Dans son livre The Managed Heart, la sociologue Arlie Hochschild appréhende les émotions comme des composantes du travail lui-même, et ces composantes sont genrées. Alors qu’on s’intéresse ordinairement aux effets émotionnels d’un travail qu’on continue de regarder comme l’exécution d’une tâche rationnelle, la sociologue analyse la façon dont les émotions peuvent constituer le travail lui-même. De sorte que la distribution des professions soit aussi et d’abord une distribution normative des sentiments. Travailler en ce sens, c’est s’efforcer d’avoir les sentiments qu’on attend de nous, de se conformer le plus possible aux gestes affectifs qui forment le travail prescrit. Un travail émotionnel donc. À titre d’exemple emblématique, elle analyse le détachement que les hôtesses de l’air doivent développer à l’égard de leur propre sensibilité, afin de pouvoir afficher l’attitude parfaitement souriante, enthousiaste et prévenante qui est attendue d’elles. Ce qui vaut pour tous les rôles considérés comme « féminins », donc dociles. À l’inverse, autre exemple qu’Hochschild étudie, les recouvreurs d’impôts doivent adopter un ton désagréable et une mine colérique de façon à susciter de la crainte. Caractéristiques émotionnelles attendues des rôles considérés comme masculins, donc autoritaires. Notez que dans les deux cas, le travail est un travail émotionnel et a des effets délétères sur les personnes. Ce n’est pas drôle non plus de devoir être bougon pour afficher une forme de bonhommie respectable. Mais cette empreinte genrée de nos sensibilités est marquée par un traitement social différentiel et stigmatisant. Dans les sociétés patriarcales, il n’y a rien de pire qu’un travail qui effémine comme l’ont montré des sociologues comme Blake E. Ashforth et Glen E. Kreiner, ou encore les travaux passés et en cours de Caroline Ibos. Et exprimer une joie peut être vu comme un geste efféminant, comme tous les gestes vitaux.

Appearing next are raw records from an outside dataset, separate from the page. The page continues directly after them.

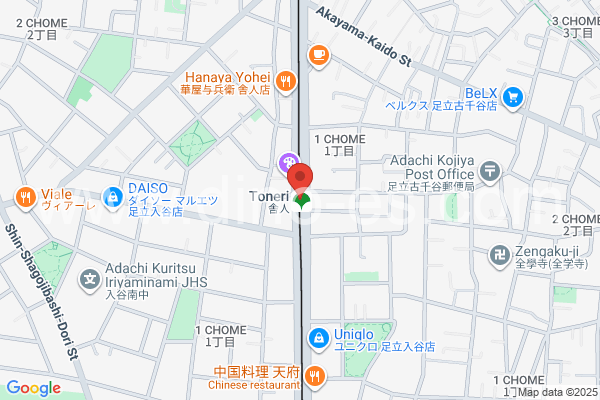 舎人メンズエステの地図です。map of Toneri station where spa and massage salons are located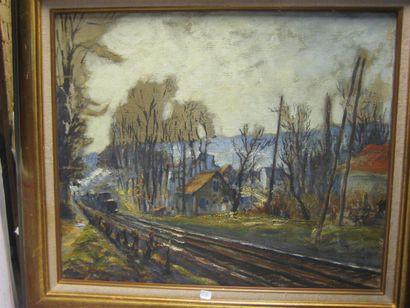 null Fernand LAVAL (1886-1966)
La voie ferrée
Huile sur toile
Signée en bas à gauche
55...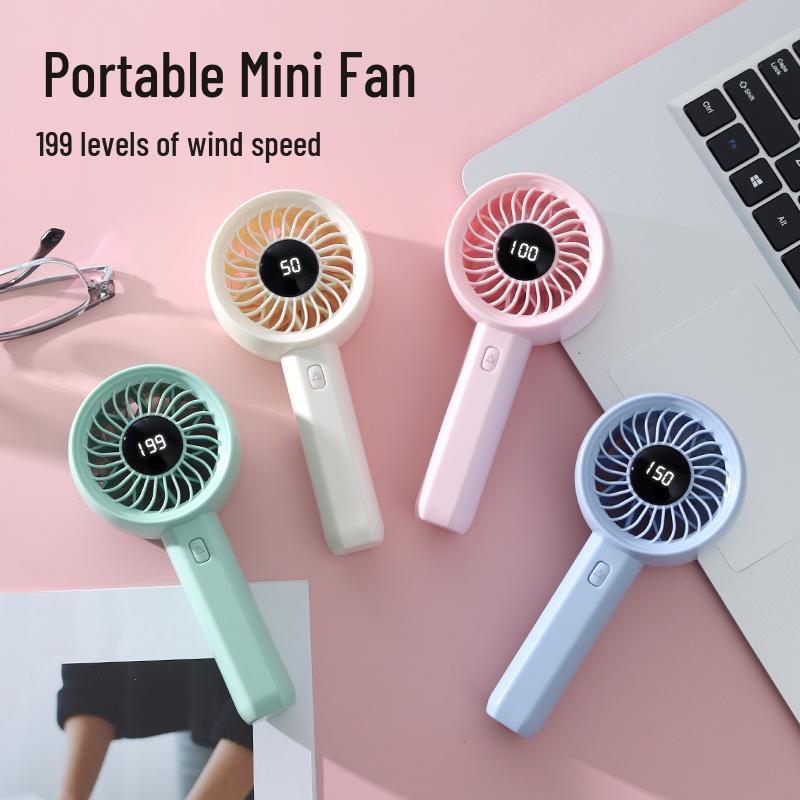Portable Rechargeable USB Mini Fan with Digital Display and Strong Wind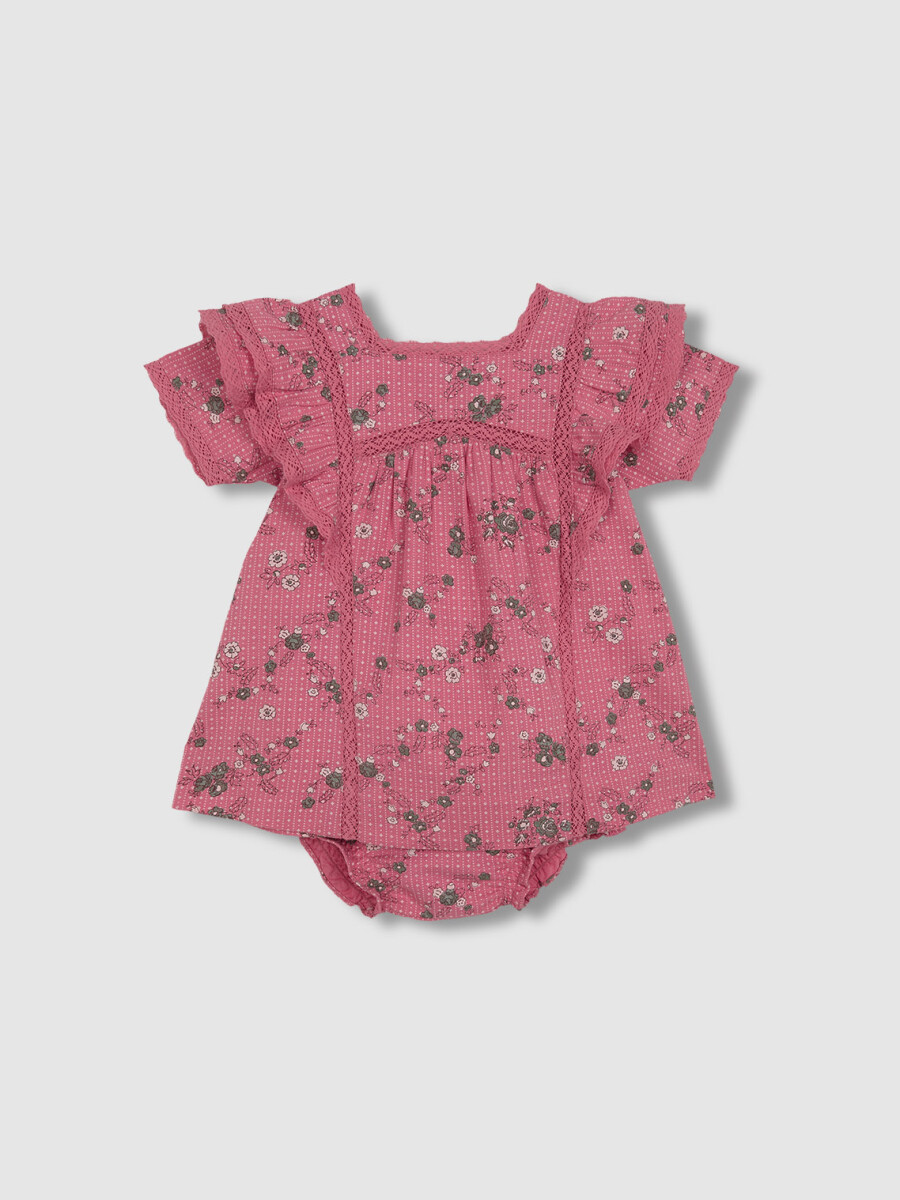 Vestido Estampado De Flores Con Volantes Rosa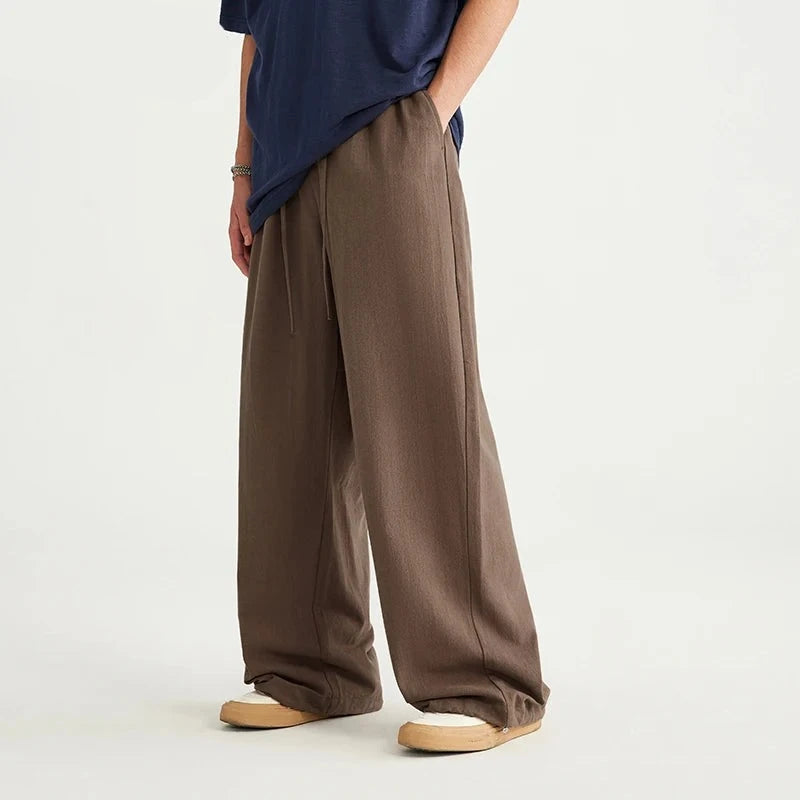 Bamboo Cotton Linen Wide Leg Pants, Oversized Pants, Men's Pants, Cotton Linen Pants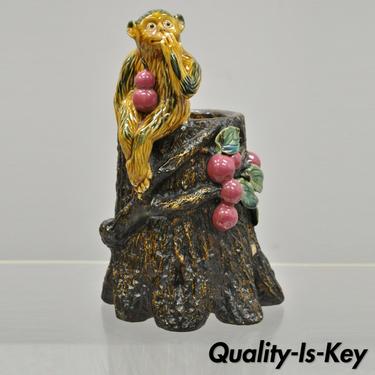 Vintage Glazed Pottery Majolica Vase of Monkey with Pink Fruit on Tree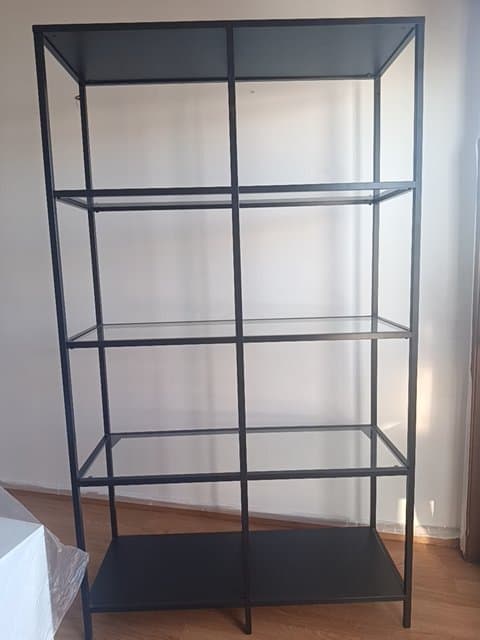 VITTSJÖ estante, pret-cast/vidro, 100x175 cm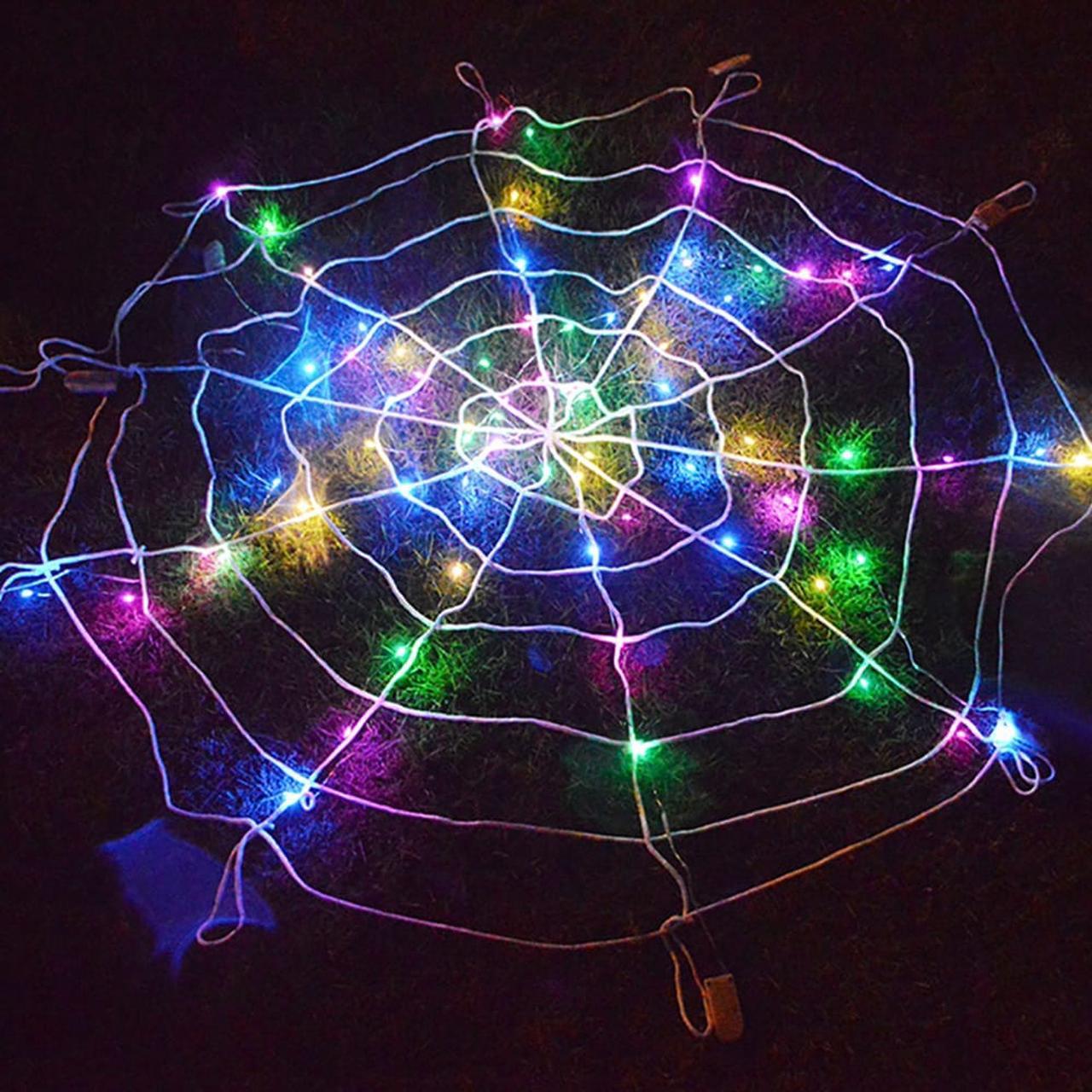 LED Spider Web Outdoor Party Props Light Up Cobweb Lighting Decor For Halloween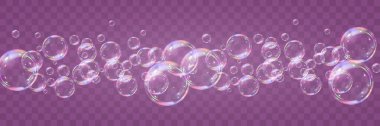 Şeffaf sabun köpükleri. Vektör illüstrasyonu. EPS 10.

Il y a toutes sortes de recettes de vinaigrette, et l’on peut expérimenter différents arrangements en cuisine comme en salle de réunion. Pour Spinoza, la joie (un affect fondamental qui n’était pas contraire à la virilité !) tient dans le sentiment que nous avons de notre puissance d’agir. Et de même que la connaissance des ingrédients et de leurs réactions permet d’améliorer les saveurs de la sauce, la connaissance de nos affects doit nous aider à augmenter notre puissance d’agir. Non par le déni de la tristesse (sentiment que nous avons de notre impuissance) et de la crainte, mais par la compréhension de ce qui renforce notre vitalité (le conatus dit Spinoza), notre capacité à les surmonter par le désir et l’action.
On dirait aujourd’hui que la conscience de ma joie – et de celle des autres dans un contexte collectif – est empouvoirante au sens où elle renforce ma capacité d’agir (et non de dominer qui est plutôt l’affaire du ressentiment, son contraire). Voilà pourquoi les chefs aiment renforcer la peur et la tristesse (sans réellement écouter les plaintes bien sûr). Et pourquoi il faudrait au contraire cultiver les joies dans nos espaces de réunion quels qu’ils soient (jusque dans nos réunions intérieures avec toutes ces voix qui nous habitent !). Parce que le contraire de la violence - envers nous comme envers les autres - est sans doute là : encourager collectivement nos joies individuelles.
Suite dans un prochain billet !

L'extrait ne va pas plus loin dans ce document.